WHAT THE TASK REQUIRES — With the images removed, transcribe the listing that follows exactly.

======== DATA SECTION ========

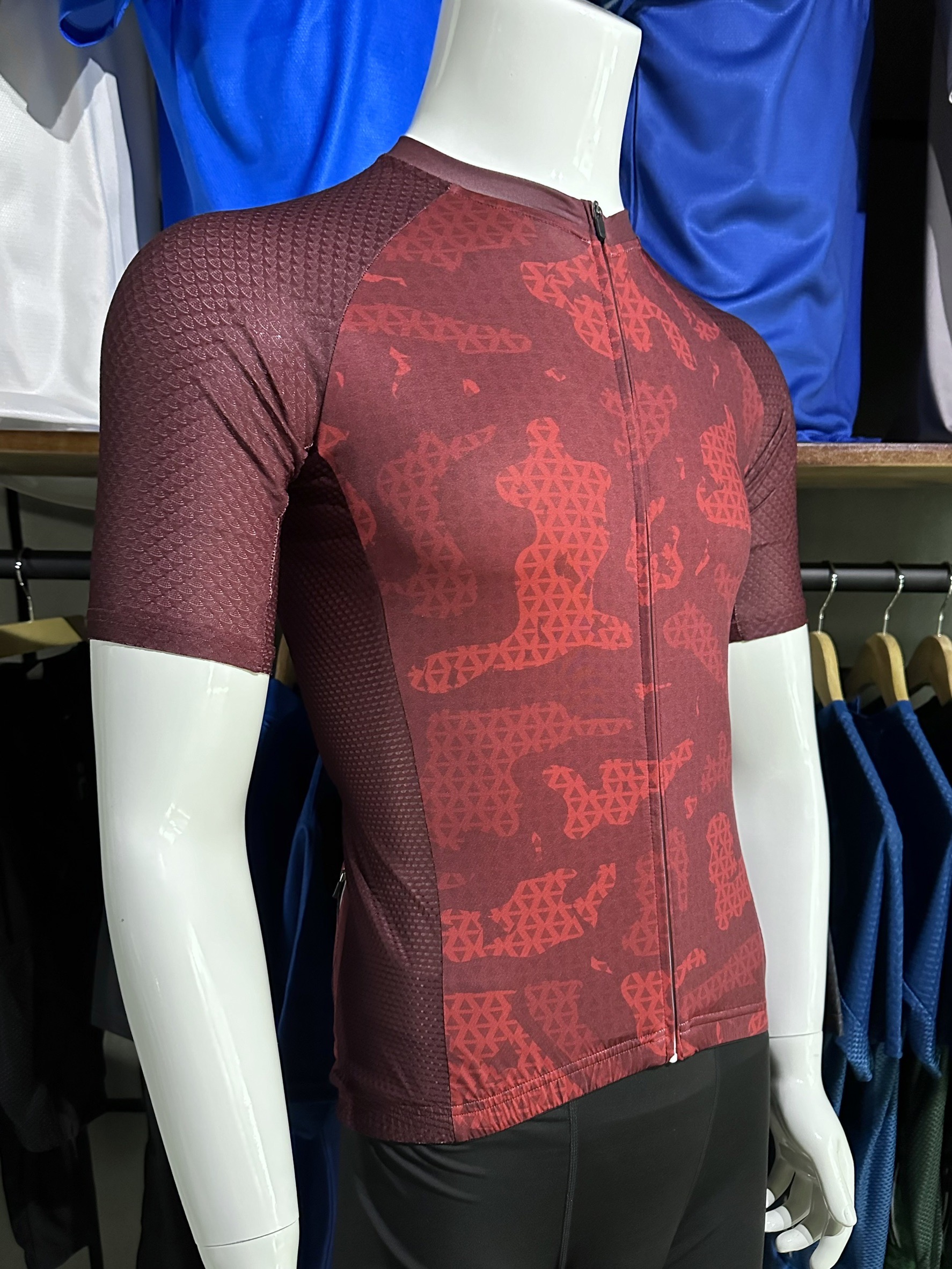 เสื้อปั่นจักรยาน Slim Fit รุ่นสีแดง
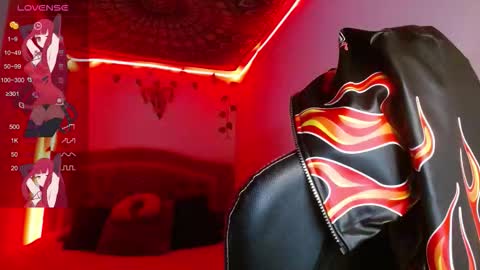 lia spicy   ig online show from November 9, 4:10 pm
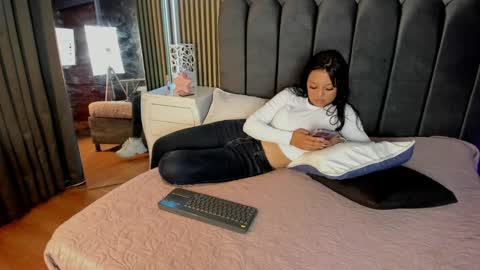 Issa online show from March 2026 08:46:02 PM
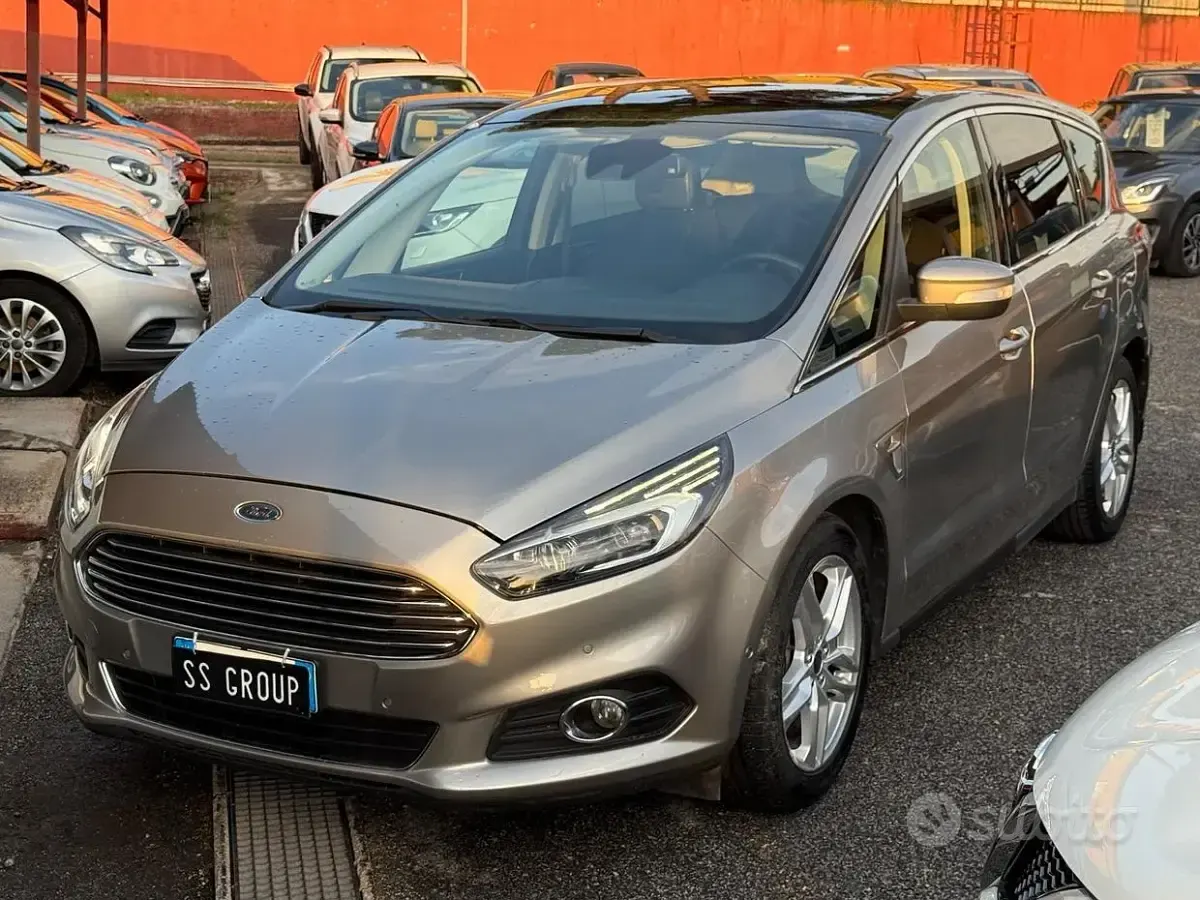 Usata Ford S-MAX Titanium 179 CV (131 kW) 2015 Grigio Monovolume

========

RESULT —
 เสื้อปั่นจักรยาน Slim Fit รุ่นสีแดง
 lia spicy   ig online show from November 9, 4:10 pm
 Issa online show from March 2026 08:46:02 PM
 Usata Ford S-MAX Titanium 179 CV (131 kW) 2015 Grigio Monovolume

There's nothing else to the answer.